Due to the delicate nature of the case and the amount of sensitive information, much of the data in the so-called "Kundby case" (named after the village where the girl was arrested) has been withheld from the public. The court hearings are being held behind "double-locked" doors.
Last Friday, the Copenhagen Public Prosecutor's Office announced that the 16-year-old girl has been charged with an attempted terror attack for her plans to bomb the private Jewish school Carolineskolen in Copenhagen together with her own school, Sydskolen in Fårevejle. The girl was reportedly far along with her preparations to make a bomb. She was also planning a test explosion, which constituted solid grounds for terrorism charges. The trial will begin in April, and the 16-year-old is facing a minimum four-year sentence.
"This case says something about what we are fighting against: that the disease of jihadism and extremism is something that can affect anyone," Conservatives spokesman and renowned critic of radical Islam Naser Khader, who recently made headlines after confessing a female relative had sworn allegiance to Daesh (ISIS/ISIL), told Danish Radio. "A girl of Viking background, who did not live in a ghetto area, has been recruited to carry out an act of terrorism. This is all very serious," he added.
The girl, who was only 15 at the time of her arrest, was described as a recent convert to Islam. One of her neighbors told the Danish tabloid newspaper BT that she aspired to convert fellow Danes to her newly-found religion as well.

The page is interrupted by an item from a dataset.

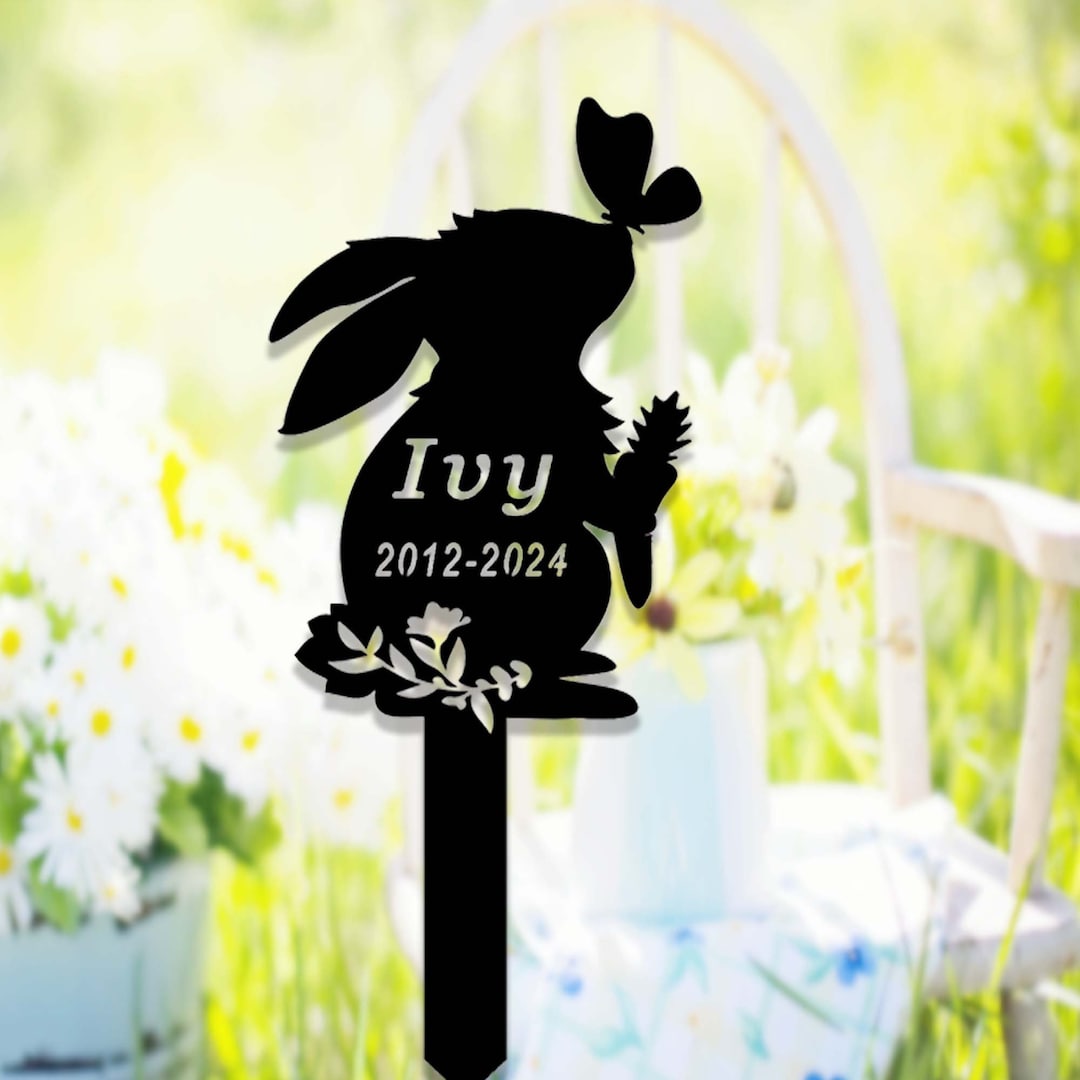 Personalized Rabbit Metal Garden Stake,bunny Memorial Stake,custom ...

According to Danish TV channel TV2, the girl's profile on the social media indicated that she was a member of a Facebook group for Danish supporters of Hizb ut-Tahrir, which is a radical Islamist organization openly supporting the establishment of a hardline caliphate. Previously, Hizb ut-Tahrir, which has been the focal point of many controversies, was banned from using municipal premises.
Carolineskolen is a private Jewish school in Copenhagen, where in addition to the usual curriculum, students also receive instruction in Hebrew. The school was founded in 1802 and claims to be one of the oldest functioning Jewish schools in the world. Previously, the school has repeatedly been targeted by anti-Semites, who smashed windows and sprayed its walls with ethnic slurs.